Task directions – In the data below, find the line containing "Champion Reverse Weave"; transcribe it and each line after it exactly, through the last, skipping pictures.

Records from a data collection –
_ _ _ _

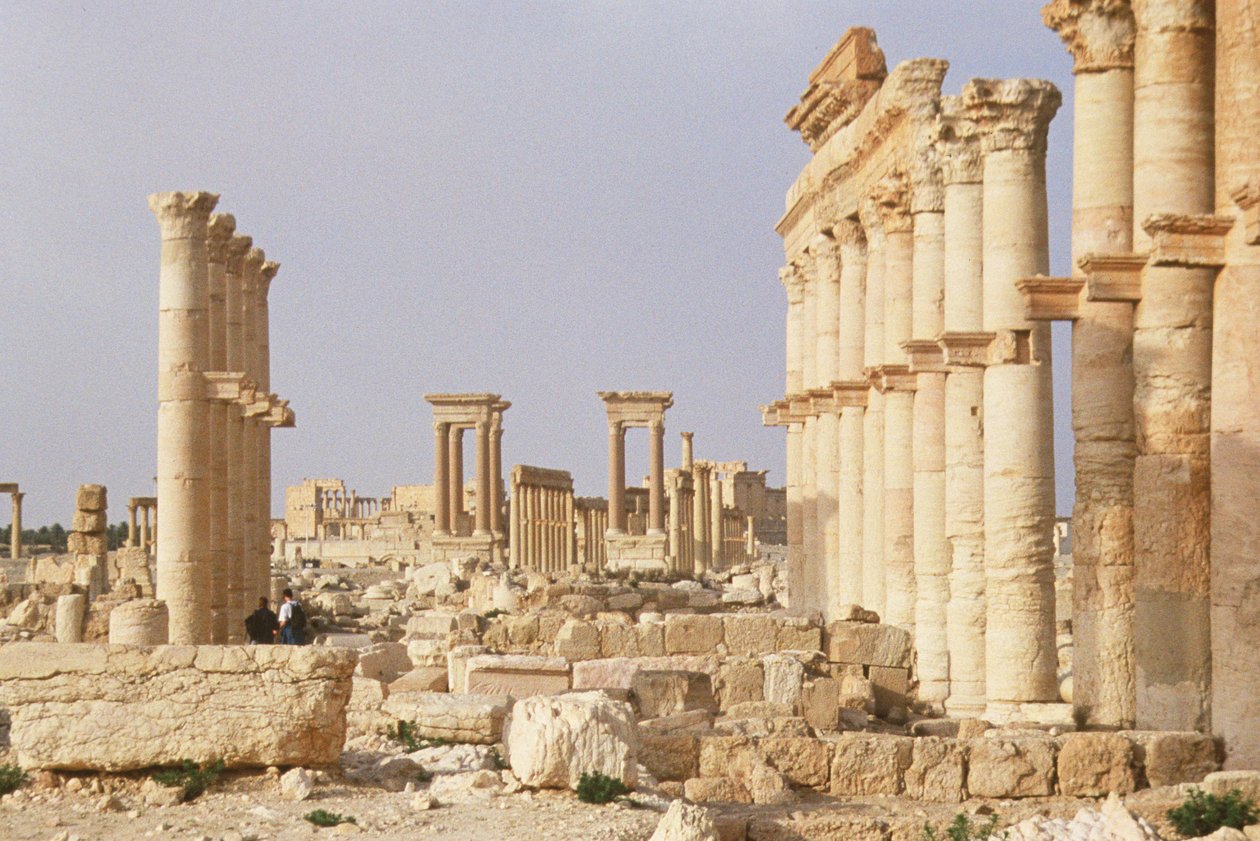 2. yüzyılın sonlarında ve 3. yüzyılın başlarında inşa edilen Bel Tapınağı'na giden sütunlu cadde by Roman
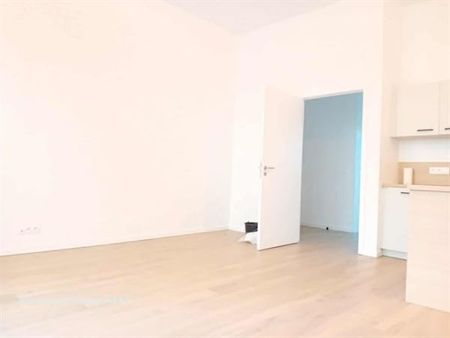 Place Vanderkindere! Superbe Appartement EN DUPLEX 2 chambres avec terasse - Foto 2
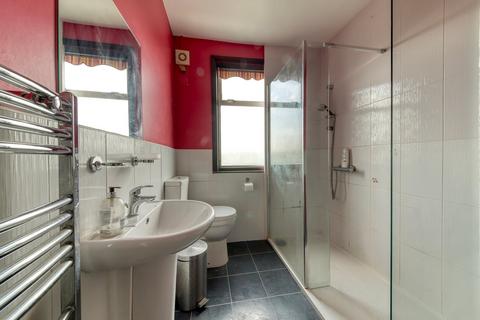 9 Mayfield Road, Thornton Heath, CR7 6DN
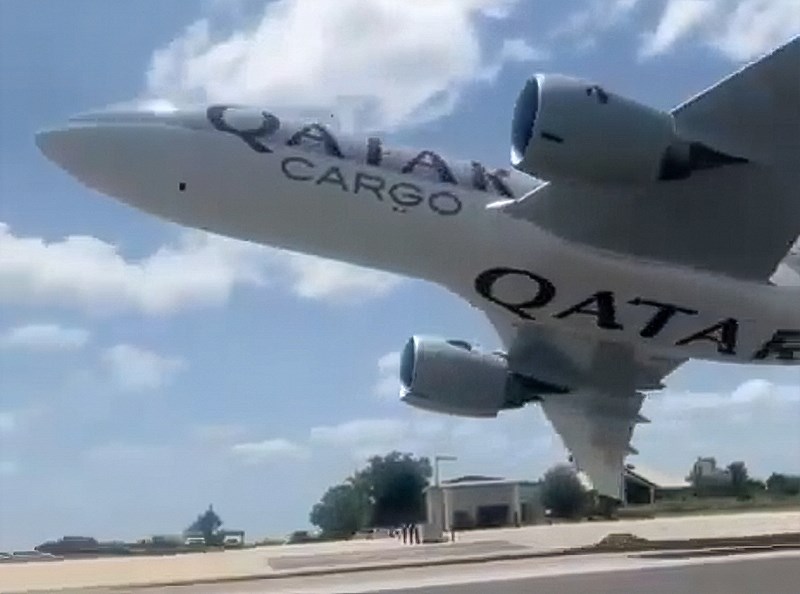FAA bada niski przelot boeinga B777-200LRMF dla Qatar Airways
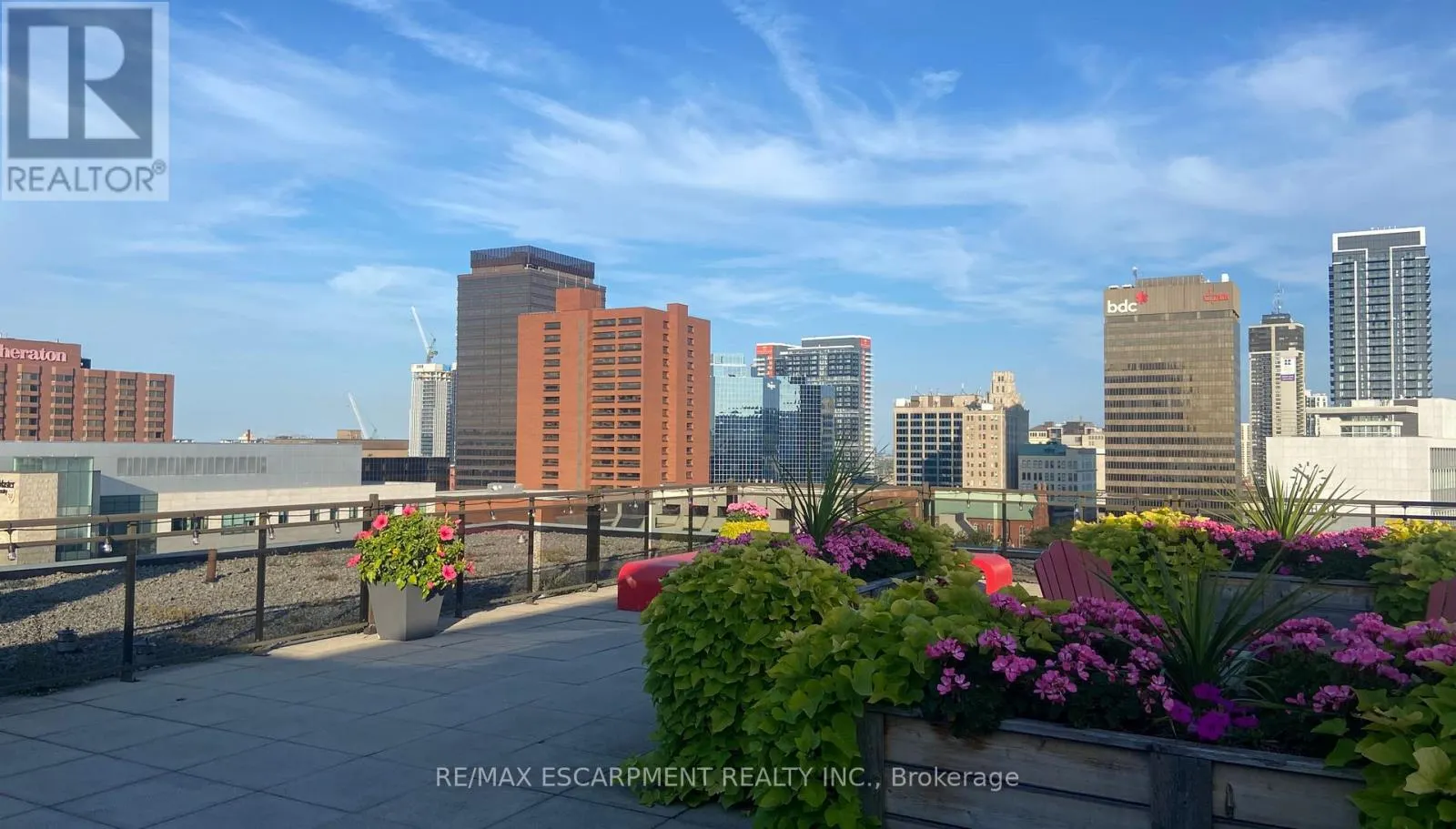 715 - 66 BAY STREET S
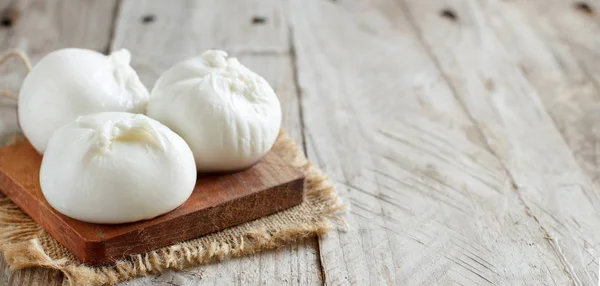 Olasz mozzarella sajt, ricotta, persto töltött — Stock Fotó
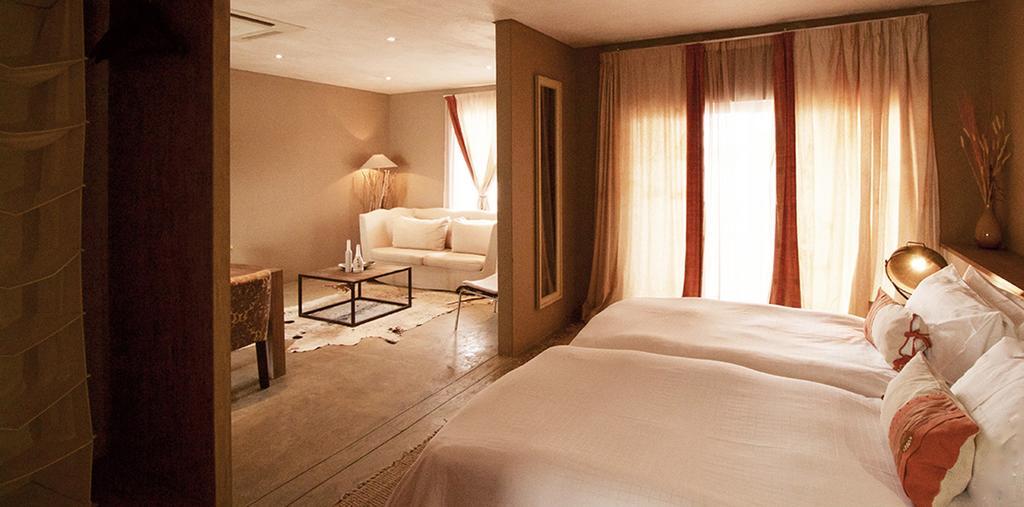 The Village Courtyard Suites & Executive Apartment ウィントフーク エクステリア 写真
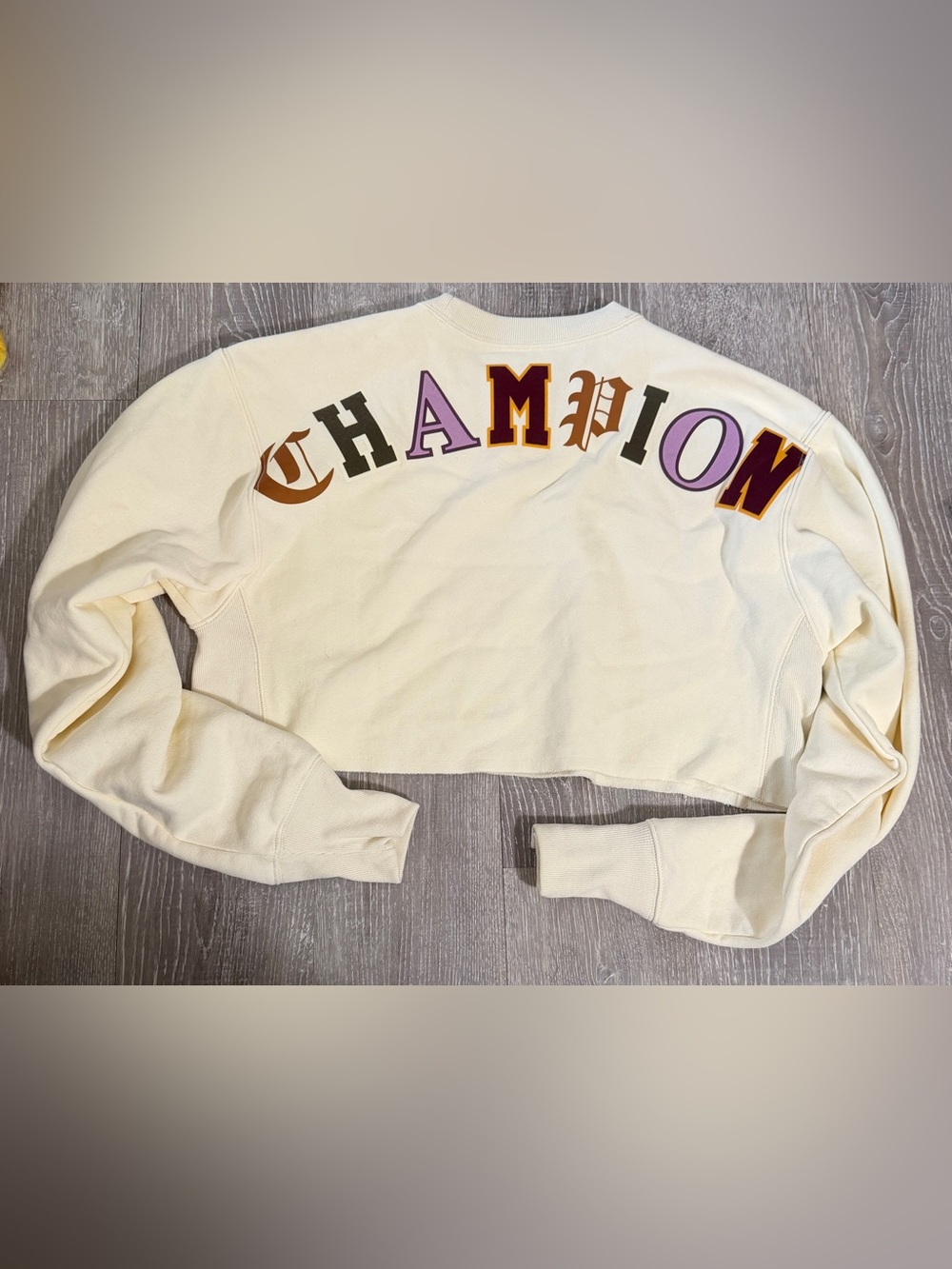 Champion Reverse Weave Cropped Sweatshirt – Old English Spellout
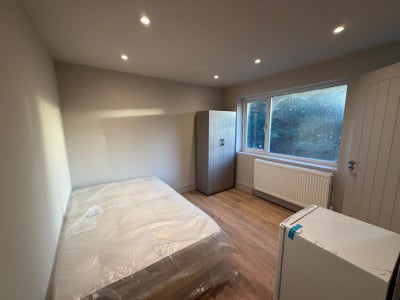 Ensuite Bedroom  Main Photo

_ _ _ _

Exercise response –
 Champion Reverse Weave Cropped Sweatshirt – Old English Spellout
 Ensuite Bedroom  Main Photo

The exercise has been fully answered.